As the precursor awards continue unabated through the month of December, I’m going to be providing a weekly update highlighting the films that have won and lost momentum through the precursor awards (this will be in place of my prior weekly article “Oscar Preview”. This week saw few precursors, but a major one did announce.

But, before we get into this week’s winners and losers, let’s take a look at what’s coming up this week:

Week 10

Sat., Feb. 1 – Annie Awards
Sat., Feb. 1 – American Society of Cinematographers Awards
Sat., Feb. 1 – Writers Guild of America Awards

Big Winners


Gravity followed up its historic tie at the Producers Guild of America awards (sharing the prize with 12 Years a Slave) with a win at the Directors Guild of American Saturday night. While the win had been widely forecast, the victory is nonetheless auspicious. Although the PGA has a good track record at Best Picture predictions, the DGA has a sterling one. It picked Argo director Ben Affleck even though he hadn’t been nominated by the Oscars. Argo won. So, the victory here should not be ignored. However, as Ang Lee can tell you, directing a popular, technical achievement or a critically acclaimed masterpiece (Crouching Tiger, Hidden Dragon and Brokeback Mountain respectively) and then picking up the DGA award doesn’t guarantee a Best Picture win.

Big Losers

American Hustle may have been riding high from its expected Screen Actors Guild win for Best Ensemble, but the one award it needed to really make a stab at Best Picture, the Directors Guild of America award, didn’t materialize.

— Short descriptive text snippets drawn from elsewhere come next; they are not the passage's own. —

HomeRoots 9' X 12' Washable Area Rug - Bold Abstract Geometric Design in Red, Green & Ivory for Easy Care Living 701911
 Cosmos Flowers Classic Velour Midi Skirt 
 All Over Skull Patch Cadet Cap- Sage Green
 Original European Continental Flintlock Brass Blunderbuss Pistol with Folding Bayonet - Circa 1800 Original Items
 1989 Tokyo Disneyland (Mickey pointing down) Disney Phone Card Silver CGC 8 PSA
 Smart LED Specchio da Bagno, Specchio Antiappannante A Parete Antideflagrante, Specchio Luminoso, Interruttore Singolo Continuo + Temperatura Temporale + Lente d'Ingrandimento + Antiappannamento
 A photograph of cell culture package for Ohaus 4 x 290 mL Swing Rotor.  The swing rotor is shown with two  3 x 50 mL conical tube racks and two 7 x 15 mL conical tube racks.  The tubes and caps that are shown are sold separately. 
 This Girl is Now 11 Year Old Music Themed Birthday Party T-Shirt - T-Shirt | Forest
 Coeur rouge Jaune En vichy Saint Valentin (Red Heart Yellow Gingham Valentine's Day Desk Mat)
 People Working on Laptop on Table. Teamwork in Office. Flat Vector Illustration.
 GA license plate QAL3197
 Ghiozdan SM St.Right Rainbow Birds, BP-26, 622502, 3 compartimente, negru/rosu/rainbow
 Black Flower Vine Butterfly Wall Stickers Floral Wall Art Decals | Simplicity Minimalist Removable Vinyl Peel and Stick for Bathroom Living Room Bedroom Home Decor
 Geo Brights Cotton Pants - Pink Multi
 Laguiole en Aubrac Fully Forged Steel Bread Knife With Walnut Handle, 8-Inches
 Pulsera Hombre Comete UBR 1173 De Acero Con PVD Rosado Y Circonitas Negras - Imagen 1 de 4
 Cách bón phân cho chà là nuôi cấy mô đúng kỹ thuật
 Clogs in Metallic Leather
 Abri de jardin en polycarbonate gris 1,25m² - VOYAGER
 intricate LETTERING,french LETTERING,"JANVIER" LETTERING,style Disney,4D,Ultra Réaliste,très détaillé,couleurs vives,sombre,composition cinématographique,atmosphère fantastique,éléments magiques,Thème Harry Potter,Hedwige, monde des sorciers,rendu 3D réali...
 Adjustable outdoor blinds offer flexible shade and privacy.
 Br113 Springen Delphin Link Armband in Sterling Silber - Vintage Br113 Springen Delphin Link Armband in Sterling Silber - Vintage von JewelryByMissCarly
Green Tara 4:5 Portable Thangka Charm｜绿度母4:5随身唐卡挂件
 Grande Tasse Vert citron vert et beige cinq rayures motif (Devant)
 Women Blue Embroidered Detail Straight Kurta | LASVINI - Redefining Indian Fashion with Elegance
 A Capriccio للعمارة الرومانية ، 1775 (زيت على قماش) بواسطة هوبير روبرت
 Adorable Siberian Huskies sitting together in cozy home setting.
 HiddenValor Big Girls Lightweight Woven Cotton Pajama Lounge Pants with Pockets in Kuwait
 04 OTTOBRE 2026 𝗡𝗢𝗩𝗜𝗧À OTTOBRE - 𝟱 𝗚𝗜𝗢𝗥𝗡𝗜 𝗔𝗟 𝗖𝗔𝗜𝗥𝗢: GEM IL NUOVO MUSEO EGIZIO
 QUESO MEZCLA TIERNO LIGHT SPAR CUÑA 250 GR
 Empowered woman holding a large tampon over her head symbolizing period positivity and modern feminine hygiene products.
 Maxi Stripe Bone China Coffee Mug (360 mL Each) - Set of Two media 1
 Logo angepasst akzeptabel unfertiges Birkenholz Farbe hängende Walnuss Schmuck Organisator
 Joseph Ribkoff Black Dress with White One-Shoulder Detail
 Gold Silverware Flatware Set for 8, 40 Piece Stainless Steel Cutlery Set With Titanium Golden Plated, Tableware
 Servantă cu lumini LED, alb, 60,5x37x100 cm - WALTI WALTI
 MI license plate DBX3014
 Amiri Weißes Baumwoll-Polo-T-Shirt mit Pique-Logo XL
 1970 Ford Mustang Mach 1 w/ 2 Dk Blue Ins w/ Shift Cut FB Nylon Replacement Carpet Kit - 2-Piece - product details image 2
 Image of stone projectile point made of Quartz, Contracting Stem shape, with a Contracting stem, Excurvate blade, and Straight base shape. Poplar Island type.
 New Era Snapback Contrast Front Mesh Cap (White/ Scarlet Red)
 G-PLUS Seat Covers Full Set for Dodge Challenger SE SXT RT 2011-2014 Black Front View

It’s been 8 years since a film that didn’t win Best Director at the DGA took home the Best Picture Oscar, one of four such occurrences in the last twenty years (2005, 2000, 1998 & 1995). It’s been 7 years since the PGA Best Picture winner didn’t also win the Oscar, an occurrence 6 times in the last twenty (2006, 2005, 2004, 2001, 1998 & 1995).

The only hope the film now has is that an infrequent precedent is set. The PGA & DGA both failed to predict Best Picture only three times in the last twenty years (2005, 1998 & 1995). In those three cases, Crash won Best Picture in 2005, Shakespeare in Love won Best Picture in 1998 and Braveheart won Best Picture in 1995. In all three of those cases, the more critically acclaimed film won PGA & DGA (Brokeback Mountain, Saving Private Ryan and Apollo 13 respectively). In 1995, Apollo 13 won Best Cast and SAG (the only such occurrence of a film winning all three and not winning Best Picture), In 1998 and 2005, the SAG Cast winner took the Oscar. Based on this, there’s a 10% chance American Hustle can win Best Picture (twice in 20 years). It could happen, but losing the DGA trophy, after all the flogging the cast has done regarding David O. Russell being a brilliant director of actors, isn’t a good sign.